Output exactly, and only, the lines below from the one with "Clarks City Vibe Olivazöld Camo | 52ZVSOLWA" down to the one with "オールデン ALDEN クロムエクセル ペニーローファー レザー 6.5 茶". Include both end lines and no pictures.

[Opening SUPPLIED RECORDS section]

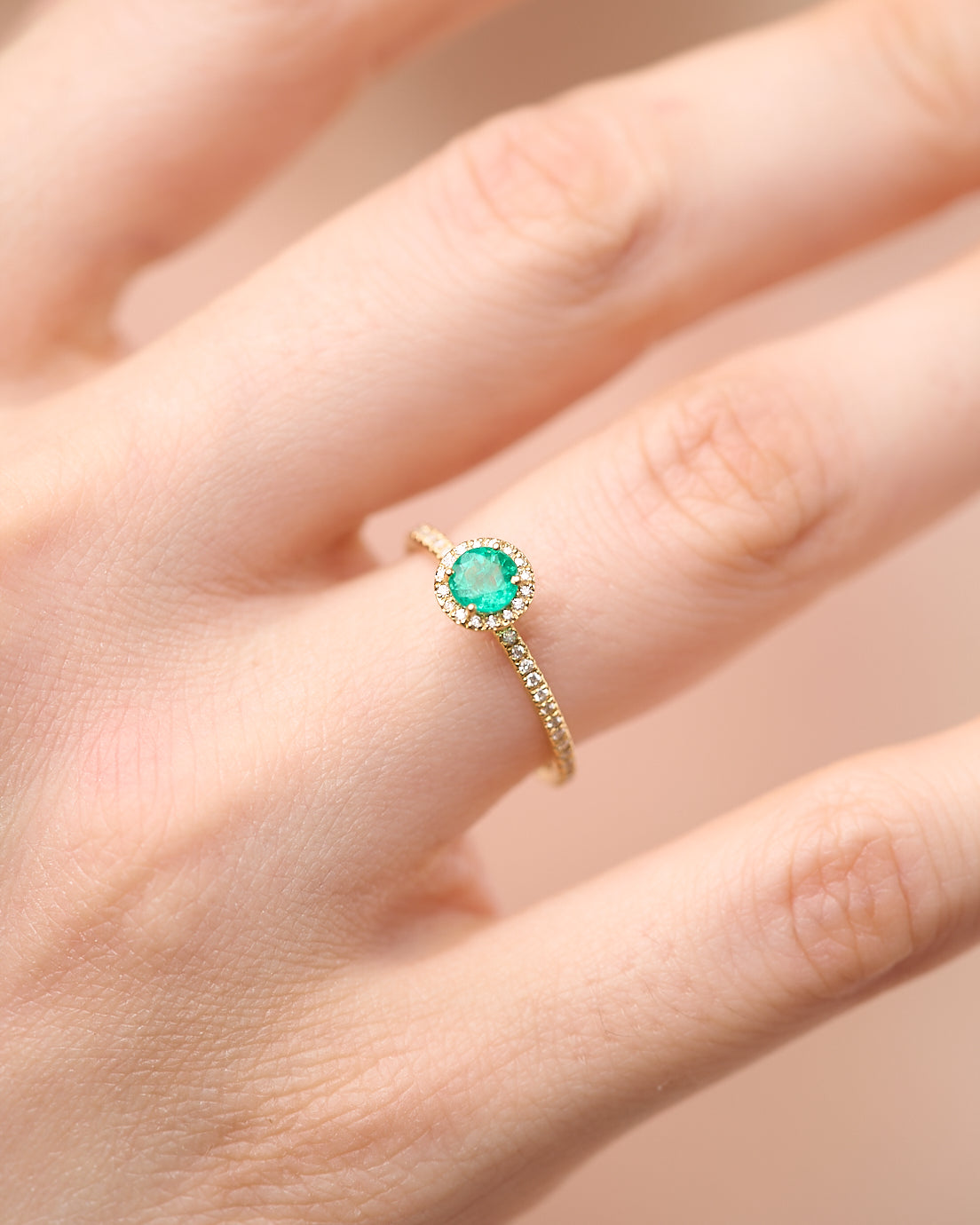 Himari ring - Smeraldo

[Closing SUPPLIED RECORDS section]
[Opening SUPPLIED RECORDS section]

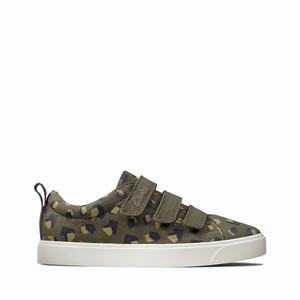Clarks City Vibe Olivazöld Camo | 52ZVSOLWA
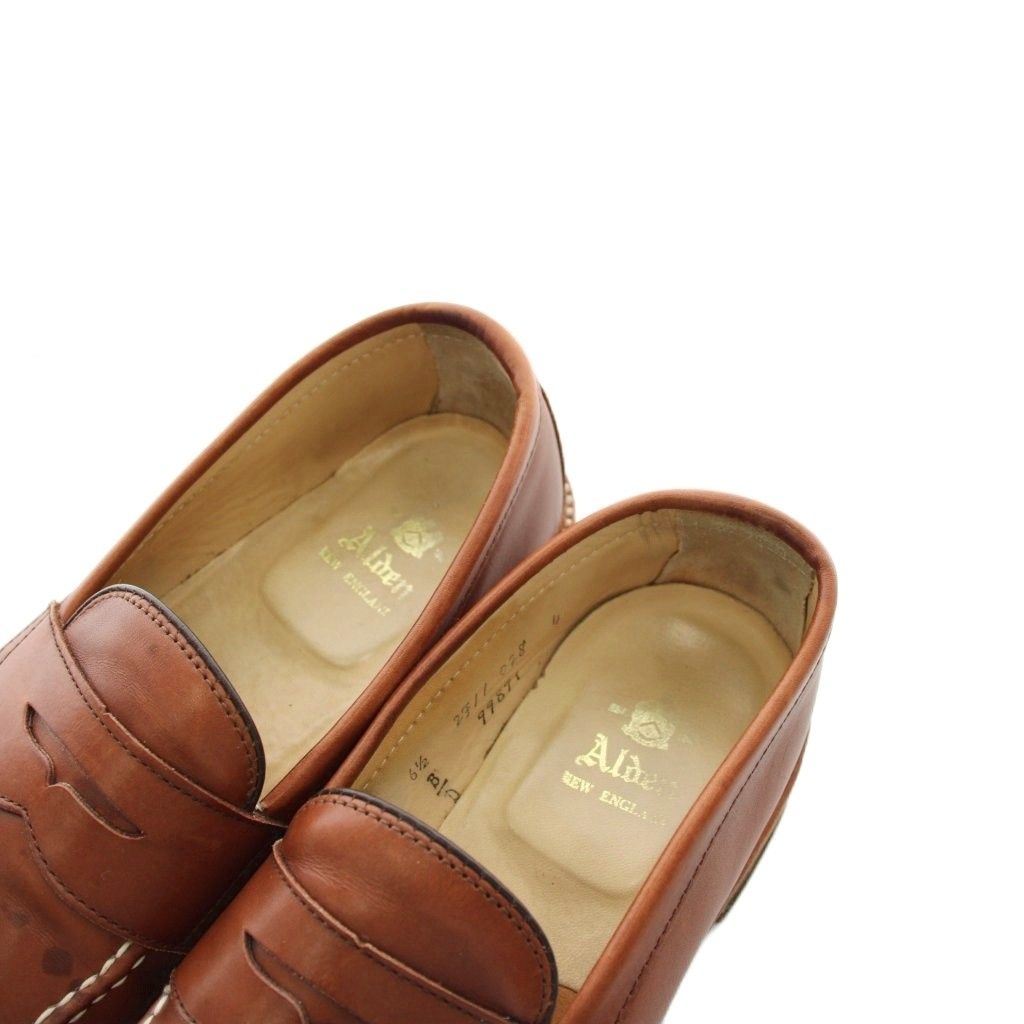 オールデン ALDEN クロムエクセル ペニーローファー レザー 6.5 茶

[Closing SUPPLIED RECORDS section]

- TASK SOLUTION:
Clarks City Vibe Olivazöld Camo | 52ZVSOLWA
 オールデン ALDEN クロムエクセル ペニーローファー レザー 6.5 茶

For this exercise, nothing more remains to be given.